I spent Sunday morning heating my hot tub, Sunday lunchtime in the hot tub and finally went out about 3.30pm for my daily walk. Spring Park is just a bit too rural to stroll down to the village. I don’t walk down single-track country lanes, which is all there is. That’s how you get hit by cars driven by city-types. So I went to Launceston. It’s free to park by the big shops, by B&M and M&S and the edge-of-town retail park. It’s also spectacularly uninspiring. I walked through Tesco car park, crossed the A30 dual carriageway twice, turned round at a roundabout and walked back. It gave me my daily 2km without paying to park and without getting hit by tourists but it was probably the most uninspiring walk I’ve ever done. Back home, relight the hot tub, heat it up, jump in for the evening. I don’t think I’ve mentioned that I gave up in frustration on Friday, having wasted half a dozen logs and half my kindling and still never really got the fire to wake up. But on Saturday, I hauled in the firewood I bought here two years ago and which has been in my car ever since, so it’s nice and dry. It’s amazing the difference between dry firewood and wood that’s been left out specially for you and has had a day or two to get damp.
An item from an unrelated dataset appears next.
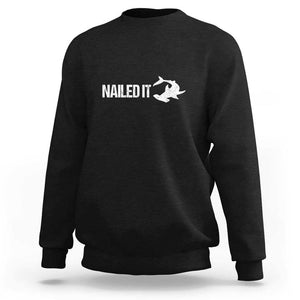 Funny Hammerhead Shark Sweatshirt Nailed It Shark Lover TS11 Black Print Your Wear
The hot tub outside in the dark. The water is illuminated in turquoise, the tabernacle's stained glass window is glowing, there are bulbs strung between the hut and a tree and I've got some submersible tealights on the side of the tub.

The joy of winter glamping trips like this is in taking a few days to not do anything in particular. Not be at work, not be at Rangers, not feel like I have to cross off important sights. I love Iceland but imagine if this summer I’d pitched my tent at Selfoss and just stayed there for three days. No, you have to go around and see all the things and do all the things. But in winter in a shepherd’s hut, I can just be. Can’t switch off altogether, hence writing the blog post in the bath and editing the book but at least I can do both of those things either from a hot tub or while lying on a bed, with a fire crackling and a plate of toast spread with real butter and a cup of full-milk hot chocolate. I wish this post could be more exciting but there we are.

Me sitting on the bed reading a book. The curtains are open and it's dark outside and I look exactly as fake & posed as I am. But I did read in the hut!

That’s the thing about being a travel blogger. Even when I’m on holiday, I still feel like I have to be doing things to write about. I still feel like I have to come home with enough photos to drip-feed on Instagram for a couple of weeks. Of course, it’s still a holiday but it’s also research and in its way, it’s also work (even though I’m not getting paid – I can see my first ad payments coming through in the next year, maybe, but I’ve had ads on for three years now and still haven’t made enough to receive my first payment!). So a holiday where I genuinely don’t do much and spend half the obligatory blog post talking about how I don’t have anything to say… well, it’s a good thing for me. I get to go back to work on Tuesday and tell my boss “Yeah, it was nice, I did absolutely nothing” before I plunge back into real life.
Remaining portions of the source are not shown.